Evans, Matilda Arabella (1872–1935)
Evans, Matilda Arabella (1872–1935)
African-American physician, humanitarian, and child advocate. Born Matilda Arabella Evans on May 13, 1872, in Aiken, South Carolina; died on November 17, 1935, in Columbia, South Carolina; daughter of Anderson Evans and Harriet Evans; attended Schofield Industrial School, Aiken, South Carolina; Oberlin College, B.A., 1891; Woman's Medical College of Pennsylvania, M.D., 1897; never married; children: adopted seven who bear her surname.
The 19th-century physician and child advocate Matilda Arabella Evans was a pioneer in the battle for health care across the nation and, in particular, for impoverished African-Americans in Columbia, South Carolina. Born in Aiken, South Carolina, she was one of the first students to enroll in the Schofield Industrial School, which was established in 1868 to educate all black children in South Carolina, by Martha Schofield of Philadelphia, Pennsylvania, under the auspices of the Pennsylvania Freedmen's Relief Association. After graduating, Evans won a tuition scholarship to Oberlin College, where she worked in the dining hall and canned fruit during the summers to provide for her other expenses. After graduating in 1891, she returned to Schofield to teach. In 1893, using her meager salary, a $100 grant, and some money from Martha Schofield, she entered the Woman's Medical College of Pennsylvania with hopes of becoming a medical missionary.
After earning her M.D. in 1897, Evans returned to Columbia, South Carolina, the first black woman to practice medicine in that city. She ran a busy practice, for white as well as black patients, and opened her home to serve as a hospital. She gradually gave up her dream of becoming a missionary, focusing instead on improving the inadequate health facilities in Columbia. With the goal of establishing a clinic, she created a planning board and visited the cities of Durham, Philadelphia, and New York to gather ideas for setting up a community facility. Initially, her Columbia Clinic Association operated out of a church basement but soon moved to permanent quarters. Offering free health service and education to the public, her clinic was equipped to provide vaccinations for children and was staffed with a dentist, and an eye, ear, nose, and throat specialist. Evans, who was particularly concerned with the poorer children of the area, also obtained permission from the authorities to examine African-American children within the public schools at her own expense.

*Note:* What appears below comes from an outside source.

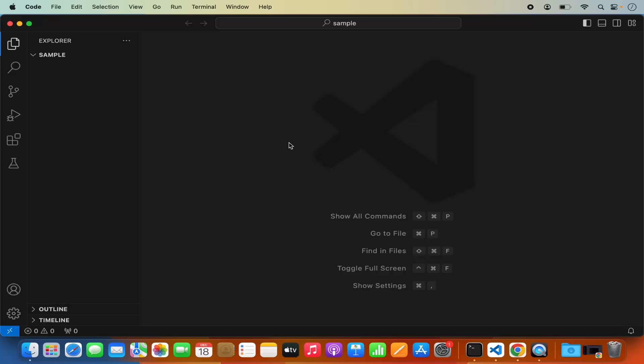Hey guys, in this video I'm going to show you how you can install OpenCV on your Visual Studio Code Editor on your Mac operating system.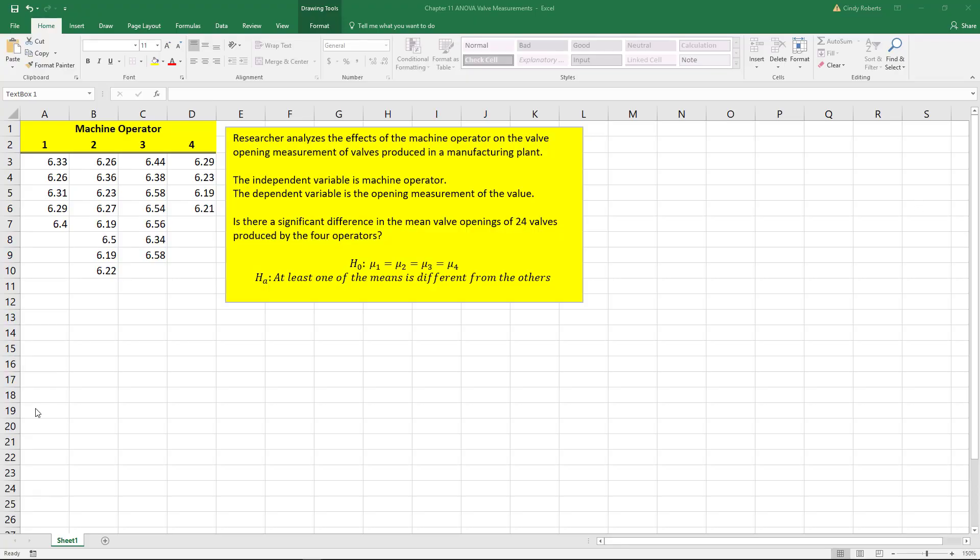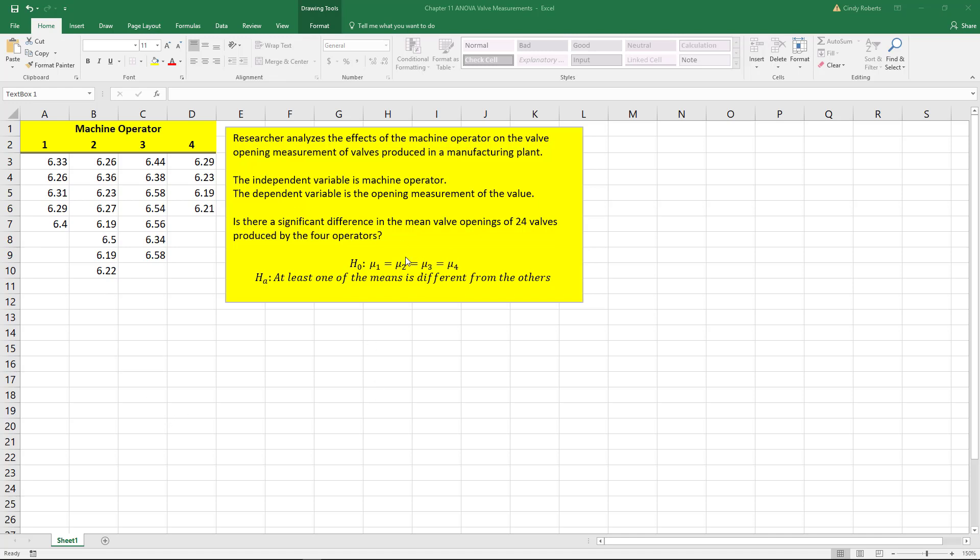Let's say you've been given some data here and we have four different machine operators and they're measuring the size, the opening of these valves. So we have these four different machine operators with these different measurements of a total of 24 valves. And we want to know, is there a significant difference between the means?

Finding many medical problems due to neglect, she convinced the school system to implement a permanent program to provide students with regular examinations.
Evans also founded the Negro Health Care Association of South Carolina and the Taylor Lane Hospital and Training School for Nurses (later Saint Luke Hospital), in Columbia. Taylor Lane was the only hospital in the area for black patients, and Evans gave up her private practice in order to become its superintendent. She also wrote articles and several larger works, including a biography of her mentor, Martha Schofield: Pioneer Negro Educator (1916).
Evans' love of children and generosity of spirit was also manifested in her personal life. Although she never married, she adopted seven children, whom she raised as a single mother. Evans died at the age of 63, after a brief illness.